The Bellevue, Washington-based multimodal transportation company reported Monday after the market close adjusted net income of $6.5 million, or 13 cents per share, for its fiscal first quarter ended Sept. 30. The result was in line with the same quarter in 2019.
“Through a number of cost-saving and other strategic initiatives we were able to manage our operating costs to mitigate this negative financial impact and keep our bottom line largely intact,” stated founder and CEO Bohn Crain in the press release.
Revenue was down 12% year-over-year, to $175.9 million with net revenue declining 17%.
On a call with analysts, management said its Canadian operations have held up well through the pandemic, partly due to bundling value-added warehouse services with other offerings. The company’s forwarding segment has been negatively impacted by declines in activity at cruise lines, retail stores and trade shows, which was somewhat offset by increased shipments of personal protective equipment (PPE) during the quarter.

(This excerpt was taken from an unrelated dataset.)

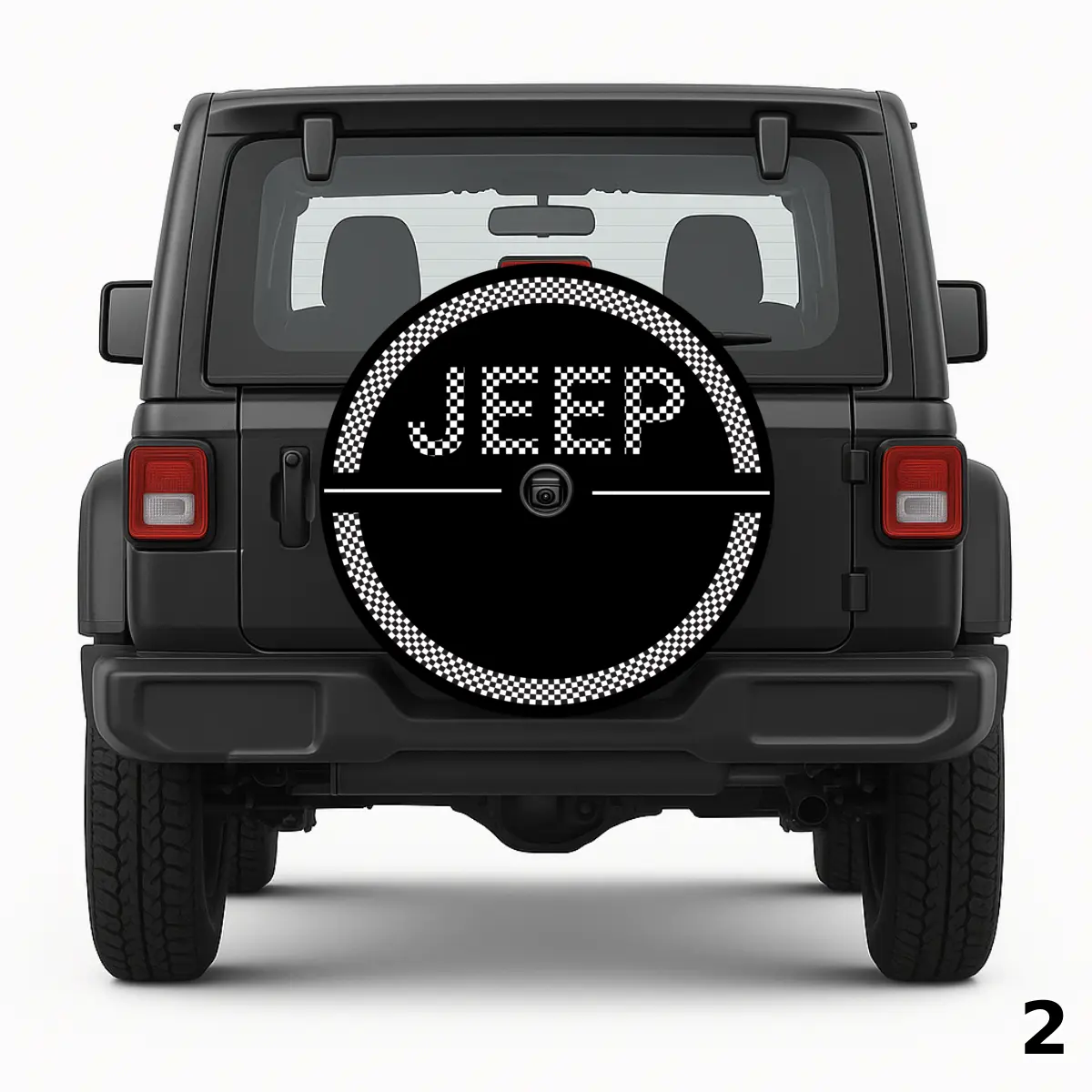 =Checkered Jeep Spare Tire Cover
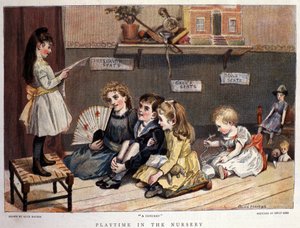 Gyerekjátékok: „” A koncert”” Egy kislány énekel a gyerekekből és játékokból álló közönség előtt. Alice Havers rajza. 1877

Revenue did improve sequentially throughout the quarter. “Although the overall demand for transportation services has been significantly impacted, we are seeing slow and steady improvement across many industry verticals that we serve along with a broad-based tightening of capacity heading into peak season,” continued Crain in the press release.
Tight capacity led to a 160-basis-point increase in purchased transportation expense as a percentage of revenue at 73.9%. Adjusted earnings before interest, taxes, depreciation and amortization (EBITDA) was slightly lower at $9.2 million. Management said that the company’s gross margin eroded by approximately 30% to 35% during the depths of the pandemic, only half of which has been recouped so far.
Radiant generated $13.4 million in cash flow from operations, ending the quarter with $23.9 million in cash and net debt of $10.4 million, down from $17.1 million at the fiscal year end in June.
Management said they are continuing to look at the M&A market as the primary means to grow the business and increase returns to shareholders. However, they said the market for acquisitions is a little difficult to judge as the past 12 months’ results at potential targets are skewed either favorably or unfavorably due to the impacts of COVID.
“In the months ahead, we will continue to closely monitor how we and the economy are progressing and look forward to re-engaging in acquisition opportunities and/or our stock buy-back activities as the opportunities present themselves,” Crain stated.